> [PROMPT] Return, exactly, the line that contains "Bolsa papel de" together with all lines after it to the end of the entries, and no further lines.

======== RECORDS SUPPLIED ========

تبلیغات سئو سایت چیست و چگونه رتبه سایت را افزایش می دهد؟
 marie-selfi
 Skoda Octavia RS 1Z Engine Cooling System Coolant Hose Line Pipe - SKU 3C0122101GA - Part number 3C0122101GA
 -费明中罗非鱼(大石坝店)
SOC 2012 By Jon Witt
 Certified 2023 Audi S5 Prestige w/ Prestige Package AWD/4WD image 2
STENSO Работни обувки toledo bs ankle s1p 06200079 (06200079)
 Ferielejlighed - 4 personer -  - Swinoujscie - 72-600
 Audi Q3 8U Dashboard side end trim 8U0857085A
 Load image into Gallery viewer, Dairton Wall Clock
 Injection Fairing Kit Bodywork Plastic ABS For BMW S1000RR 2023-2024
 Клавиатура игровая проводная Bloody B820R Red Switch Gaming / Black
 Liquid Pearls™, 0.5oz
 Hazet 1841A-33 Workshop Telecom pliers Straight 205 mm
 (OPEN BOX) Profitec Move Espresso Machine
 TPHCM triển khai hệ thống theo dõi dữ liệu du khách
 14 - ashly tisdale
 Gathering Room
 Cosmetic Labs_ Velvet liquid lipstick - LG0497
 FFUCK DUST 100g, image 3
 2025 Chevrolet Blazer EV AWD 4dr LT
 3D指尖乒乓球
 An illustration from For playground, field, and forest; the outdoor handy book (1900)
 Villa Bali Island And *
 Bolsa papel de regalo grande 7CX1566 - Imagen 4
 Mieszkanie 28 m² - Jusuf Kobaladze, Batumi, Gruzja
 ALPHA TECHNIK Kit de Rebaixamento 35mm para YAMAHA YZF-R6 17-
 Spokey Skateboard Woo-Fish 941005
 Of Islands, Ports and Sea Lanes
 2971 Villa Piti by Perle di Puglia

========

> [EXPECTED OUTPUT]
 Bolsa papel de regalo grande 7CX1566 - Imagen 4
 Mieszkanie 28 m² - Jusuf Kobaladze, Batumi, Gruzja
 ALPHA TECHNIK Kit de Rebaixamento 35mm para YAMAHA YZF-R6 17-
 Spokey Skateboard Woo-Fish 941005
 Of Islands, Ports and Sea Lanes
 2971 Villa Piti by Perle di Puglia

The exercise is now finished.